The year Shaquille O'Neal played for the Cleveland Cavaliers (2009-10), he stopped into Michael Symon's Tremont restaurant "Lolita's" and asked for lasagna. Michael came out apologizing that it wasn't on that night's menu, and proceeded to offer suggestions. Shaq said "but I have a taste for lasagna". Michael then offered to make it from scratch, warning Shaq that it would take an hour or so to make. Shaq waited...and tweeted about being there and Michael taking good care of him. Granted he was a celebrity sports player, and Michael was already a celebrity chef, but it's still a sweet story - or would that be a saucy story...;)

Then again, neither have to be famous for a pleasant dining experience. We stopped at a little restaurant in NW CT. When I ordered some fish dinner off the menu, the chef/owner pops up at our table. "I'm sorry, I'm out of that fish. We get enough only for the day. Can I suggest....?" We talked flavor profiles and my likes and dislikes, and he produced the best meal I had had in ages.
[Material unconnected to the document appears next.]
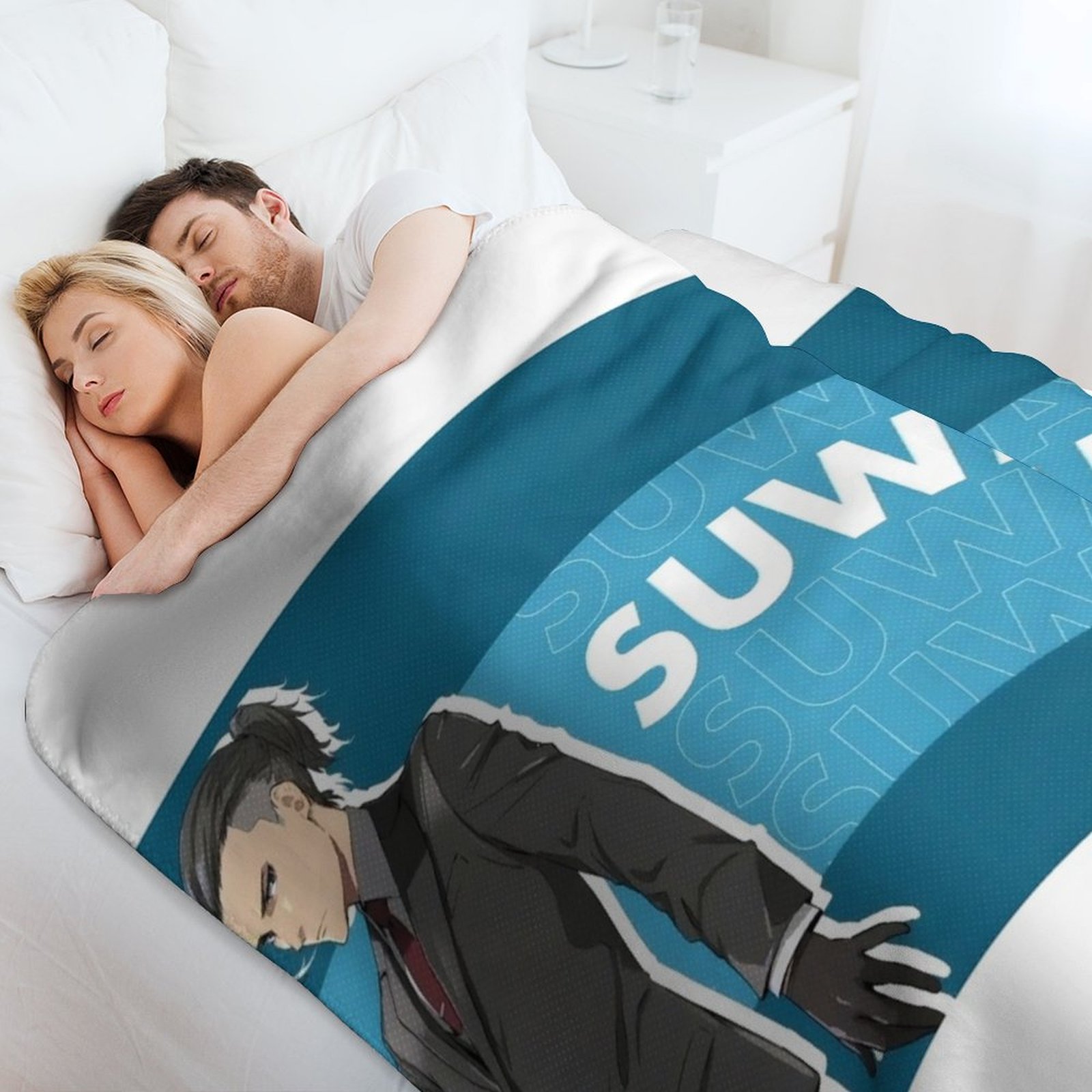 ري بوتي داديسيز بطانية زخرفية، - مراجعة Fleece Sleep Bag وسعره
I felt so special.
 
The video pretty well confirms my preference for the less sophisticated diners and single house restaurants I am happy to find again in Missouri..

I will admit that there are dishes in a few chains I enjoy for their sameness each time I order them..

Ross
 
That reminds me of another policy of our little pub up the street. The Saturday dinner special is prime rib, and Mark roasts a set amount based on what he typically can sell. If there is a particularly heavy demand, he will run out. People know this and I've never seen anyone threaten to never darken his door again over it. Just how it is.

The other benefit is that when he doesn't sell all of the prime rib for dinner on Saturday, the next Wednesday (they are closed Sunday-Tuesday) it's available as a lunch special for either a regular prime rib sandwich with fries or open faced sandwich with potatoes and gravy and vegetable, for as long as the meat holds out.